> **Exercise details**
Your reply should consist only of the lines from the one holding "CHENILLE SMILEY FACE CORDUROY BASEBALL" to the last line of the data below, written out exactly and without pictures.

[Short descriptive text snippets]

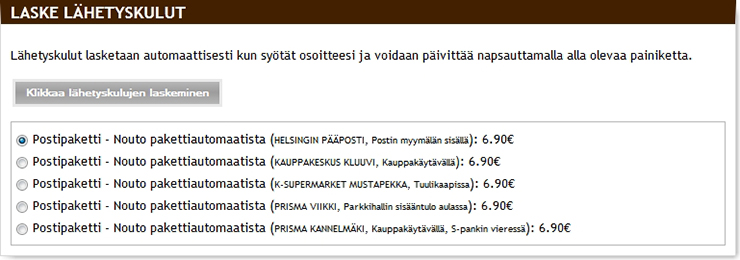 SmartPOST esimerkki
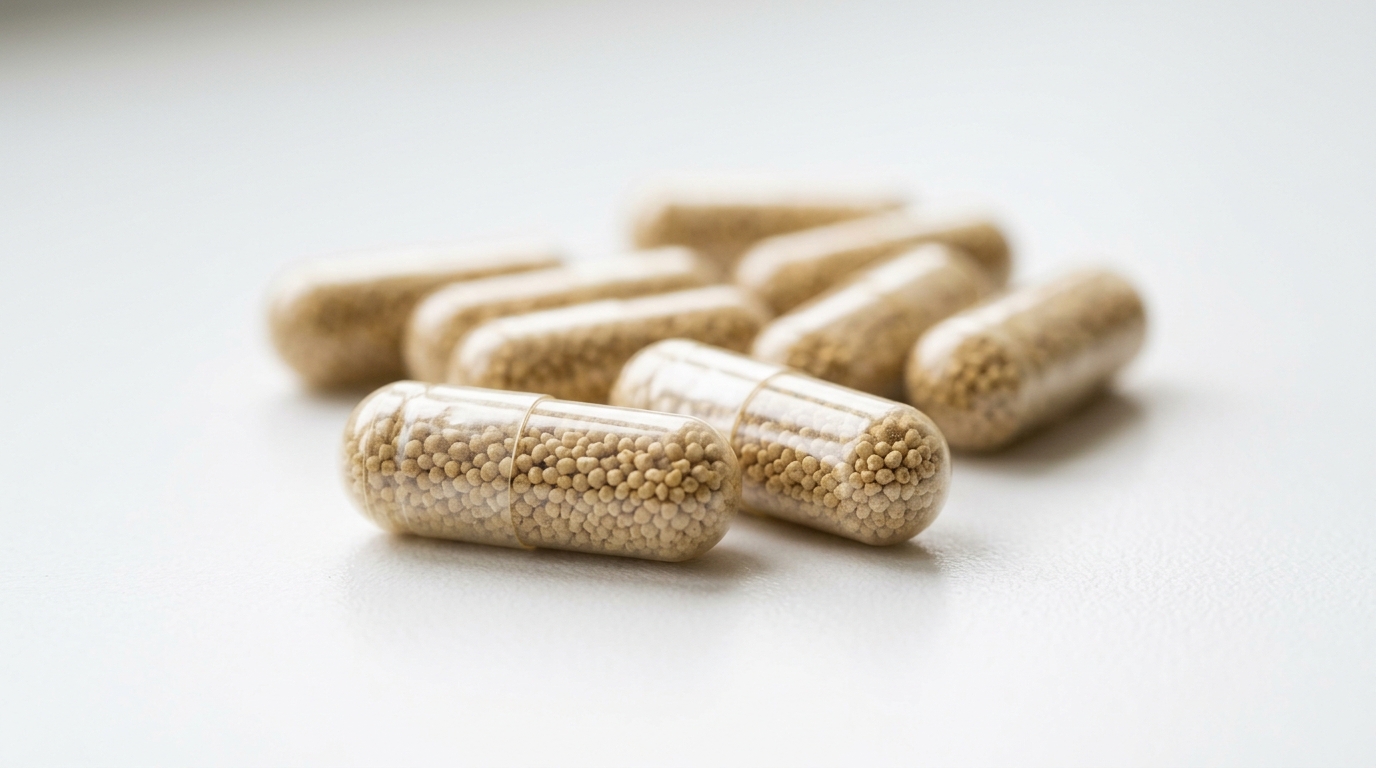 supplement capsules in precise scientific arrangement
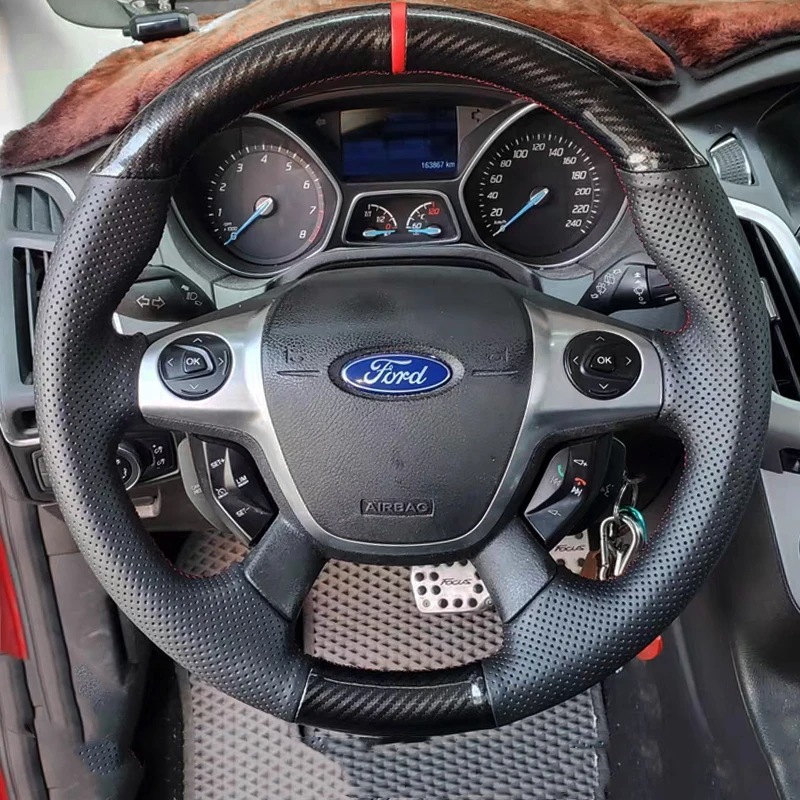 車のステアリングホイールカバー,カーボンファイバー,フォードフォーカス用,3 2012 C-MAX 2011 2013クーガ,エスケープ2016-,ステアリングホイールカバー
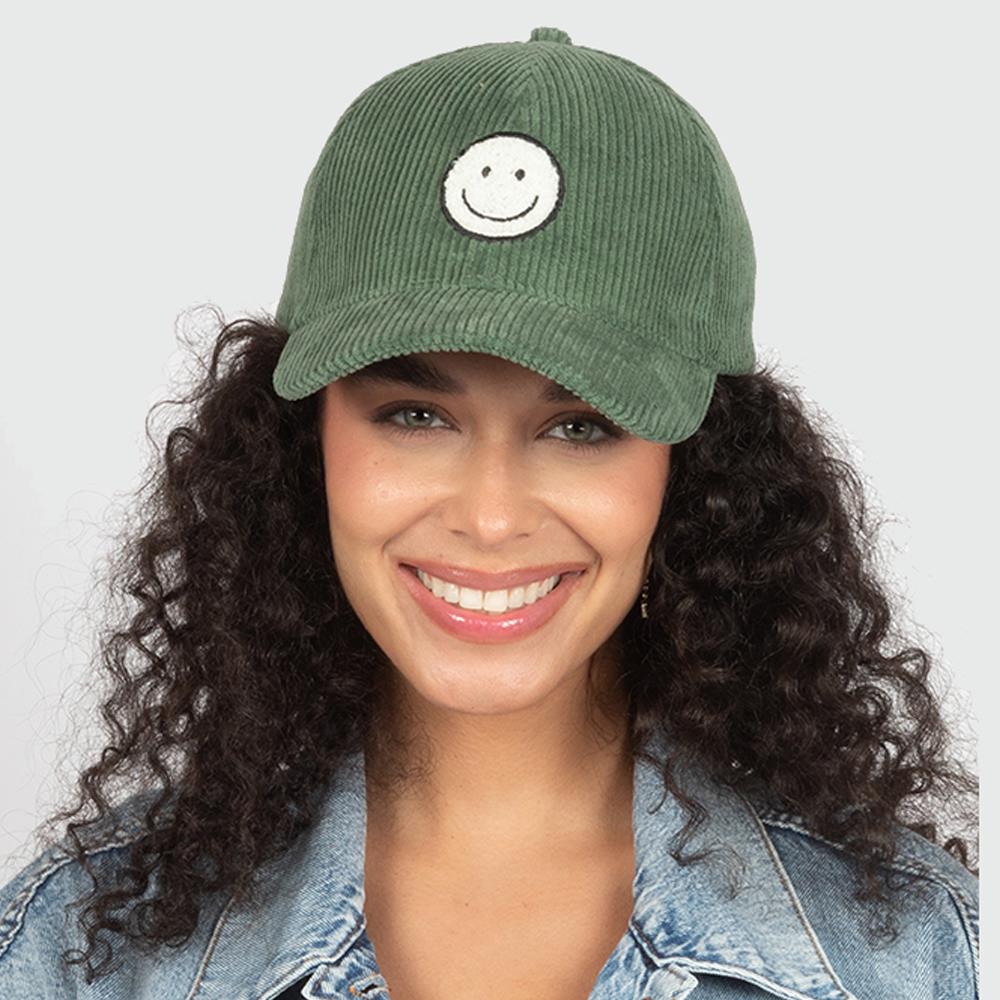 CHENILLE SMILEY FACE CORDUROY BASEBALL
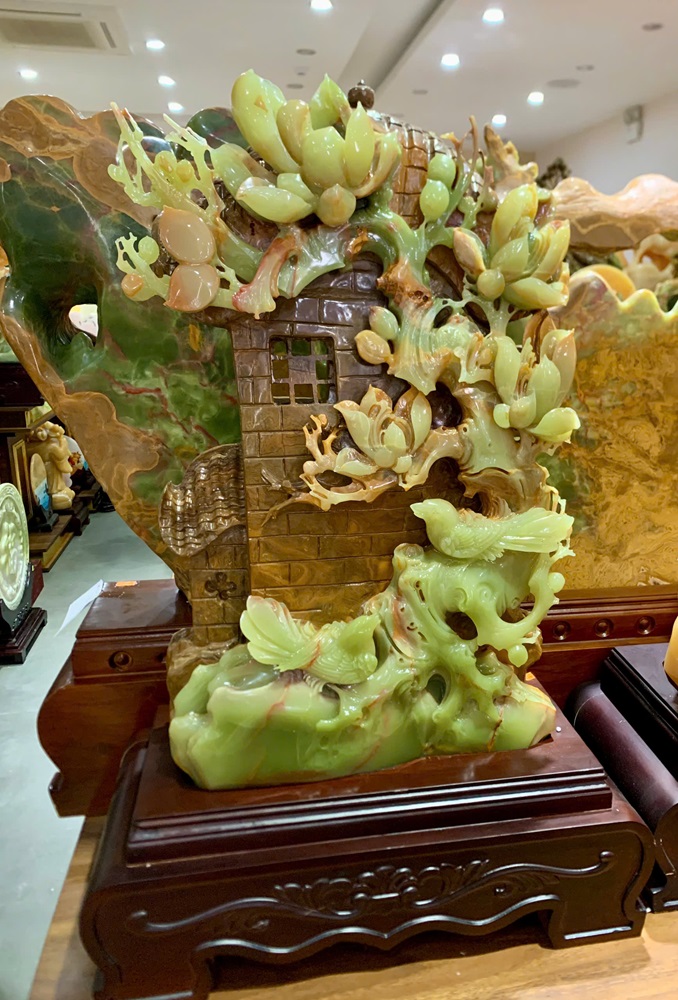 Đôi Chim Uyên Ương Ngọc Onyx Xanh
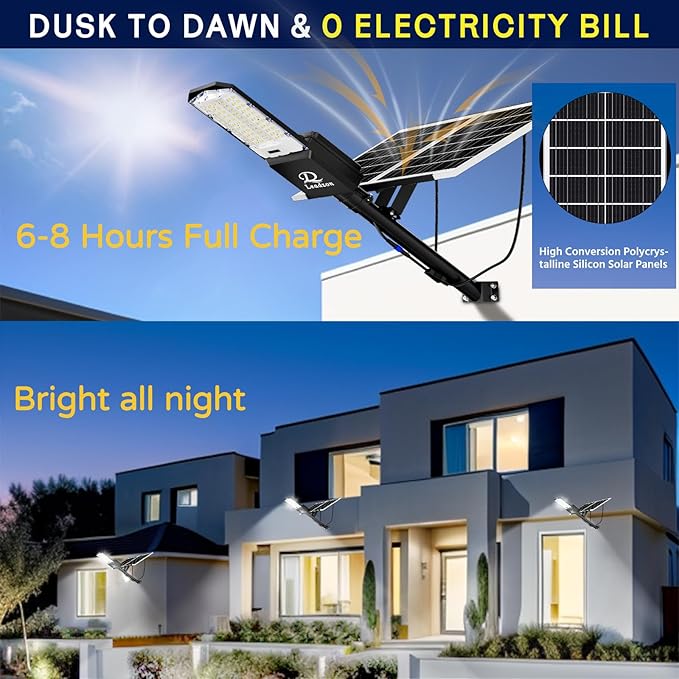 10800w Solar Street Lights Outdoor Waterproof Black 650000LM Super Bright LED Beads Commercial Solar Flood Lights with Remote Control for Patio Street Court and Parkling Lot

> **Result**
 CHENILLE SMILEY FACE CORDUROY BASEBALL
 Đôi Chim Uyên Ương Ngọc Onyx Xanh
 10800w Solar Street Lights Outdoor Waterproof Black 650000LM Super Bright LED Beads Commercial Solar Flood Lights with Remote Control for Patio Street Court and Parkling Lot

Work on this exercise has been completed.